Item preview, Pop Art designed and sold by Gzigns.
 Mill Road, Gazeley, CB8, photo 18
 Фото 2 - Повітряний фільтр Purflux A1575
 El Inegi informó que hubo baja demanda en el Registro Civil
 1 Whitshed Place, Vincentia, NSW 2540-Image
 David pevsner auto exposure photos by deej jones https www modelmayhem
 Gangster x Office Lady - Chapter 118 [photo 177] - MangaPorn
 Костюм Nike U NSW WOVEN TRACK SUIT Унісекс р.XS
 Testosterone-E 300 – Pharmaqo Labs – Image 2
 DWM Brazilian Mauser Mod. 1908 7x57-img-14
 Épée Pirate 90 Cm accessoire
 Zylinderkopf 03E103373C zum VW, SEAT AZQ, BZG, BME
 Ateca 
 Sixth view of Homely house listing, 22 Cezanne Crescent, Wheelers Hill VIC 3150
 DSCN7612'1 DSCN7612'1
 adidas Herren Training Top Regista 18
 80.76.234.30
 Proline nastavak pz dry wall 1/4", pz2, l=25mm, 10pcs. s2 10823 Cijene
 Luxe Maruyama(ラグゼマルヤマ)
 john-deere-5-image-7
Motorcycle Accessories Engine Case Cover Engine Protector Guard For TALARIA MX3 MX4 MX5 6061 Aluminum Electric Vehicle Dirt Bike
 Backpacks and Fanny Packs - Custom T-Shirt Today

________________________

**The task:** The first line of the entries above and every line after it, up to and including the line with "adidas Herren Training Top Regista 18", should be set down exactly.

**Exercise solution:**
Item preview, Pop Art designed and sold by Gzigns.
 Mill Road, Gazeley, CB8, photo 18
 Фото 2 - Повітряний фільтр Purflux A1575
 El Inegi informó que hubo baja demanda en el Registro Civil
 1 Whitshed Place, Vincentia, NSW 2540-Image
 David pevsner auto exposure photos by deej jones https www modelmayhem
 Gangster x Office Lady - Chapter 118 [photo 177] - MangaPorn
 Костюм Nike U NSW WOVEN TRACK SUIT Унісекс р.XS
 Testosterone-E 300 – Pharmaqo Labs – Image 2
 DWM Brazilian Mauser Mod. 1908 7x57-img-14
 Épée Pirate 90 Cm accessoire
 Zylinderkopf 03E103373C zum VW, SEAT AZQ, BZG, BME
 Ateca 
 Sixth view of Homely house listing, 22 Cezanne Crescent, Wheelers Hill VIC 3150
 DSCN7612'1 DSCN7612'1
 adidas Herren Training Top Regista 18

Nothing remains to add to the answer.